(Stored data entries)
[Start of section]

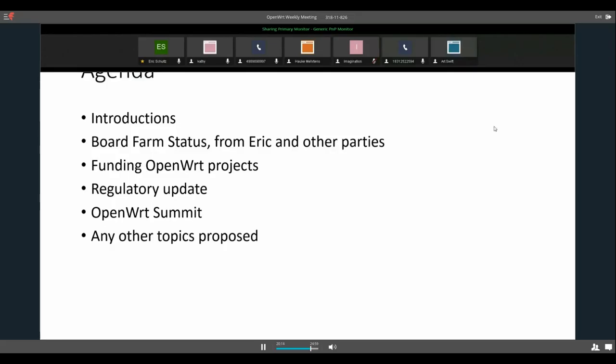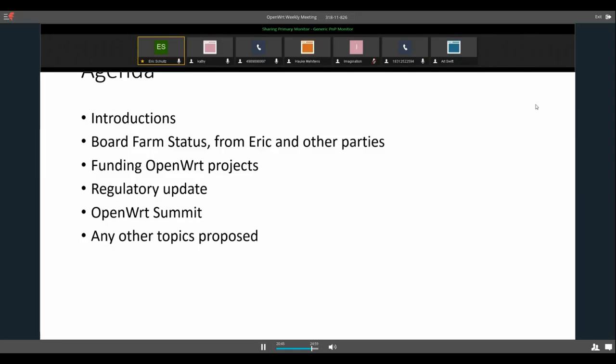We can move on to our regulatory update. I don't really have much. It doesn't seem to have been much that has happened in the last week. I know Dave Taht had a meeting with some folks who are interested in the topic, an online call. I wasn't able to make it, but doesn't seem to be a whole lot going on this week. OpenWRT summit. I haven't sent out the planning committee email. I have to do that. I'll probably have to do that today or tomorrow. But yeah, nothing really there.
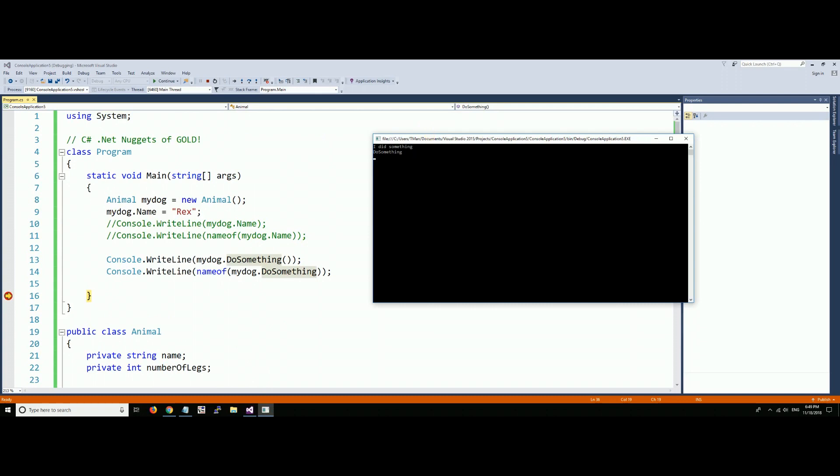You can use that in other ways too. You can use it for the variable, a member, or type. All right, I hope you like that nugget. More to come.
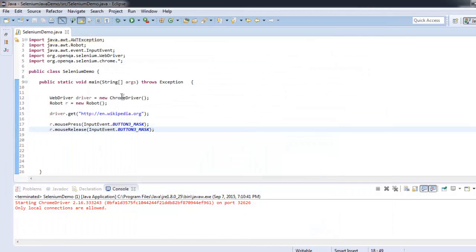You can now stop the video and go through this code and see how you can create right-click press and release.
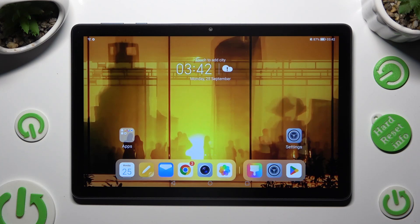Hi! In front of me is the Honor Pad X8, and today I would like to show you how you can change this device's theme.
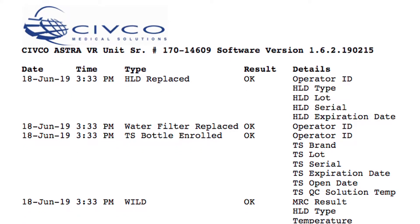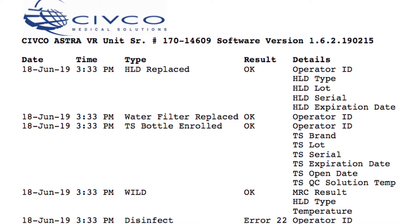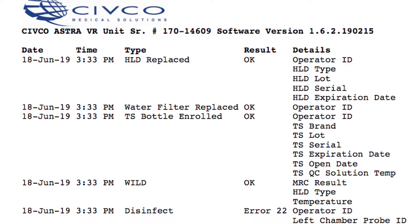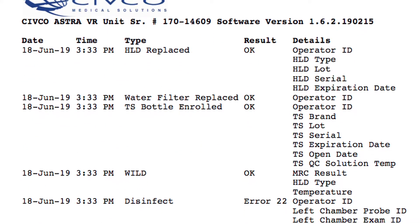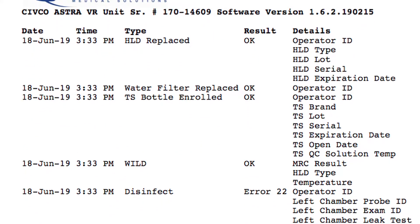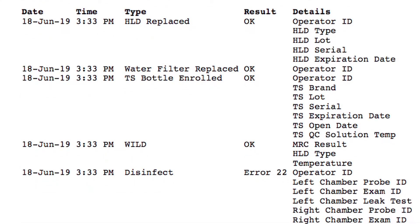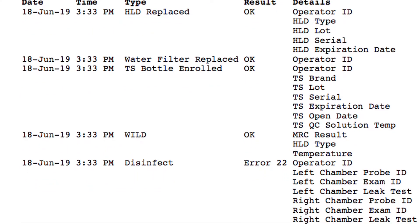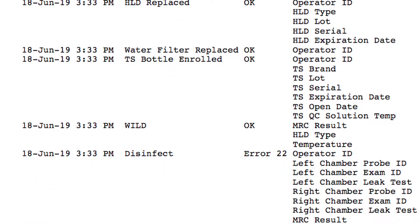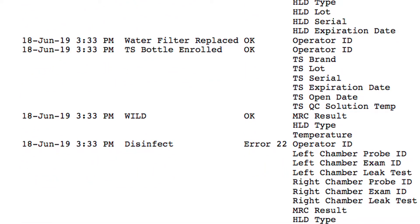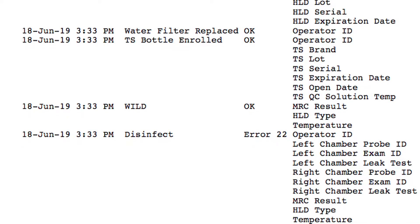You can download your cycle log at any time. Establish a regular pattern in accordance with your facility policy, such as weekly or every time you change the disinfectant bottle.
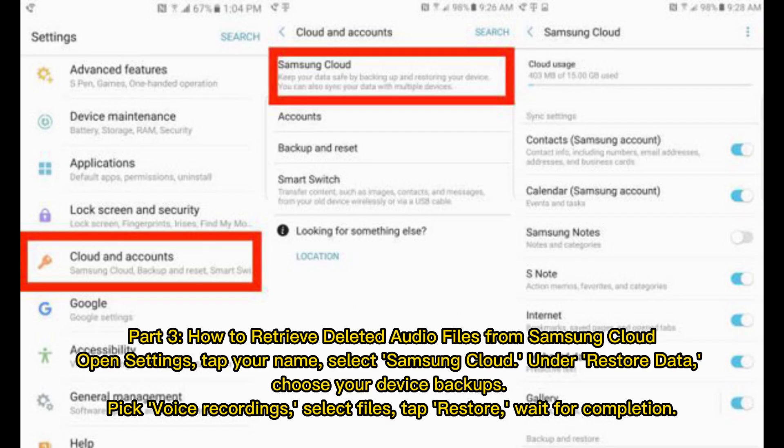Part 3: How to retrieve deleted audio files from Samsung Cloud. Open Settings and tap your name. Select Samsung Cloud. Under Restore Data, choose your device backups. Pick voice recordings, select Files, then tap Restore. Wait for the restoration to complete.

[End of section]

=== WORK REQUEST ===
Please transcribe exactly the part of the records that opens with the line containing "You can use that" and closes with the line containing "You can download", both ends included, and leave out the pictures.

=== SOLUTION BELOW ===
You can use that in other ways too. You can use it for the variable, a member, or type. All right, I hope you like that nugget. More to come.
You can now stop the video and go through this code and see how you can create right-click press and release.
Hi! In front of me is the Honor Pad X8, and today I would like to show you how you can change this device's theme.
You can download your cycle log at any time. Establish a regular pattern in accordance with your facility policy, such as weekly or every time you change the disinfectant bottle.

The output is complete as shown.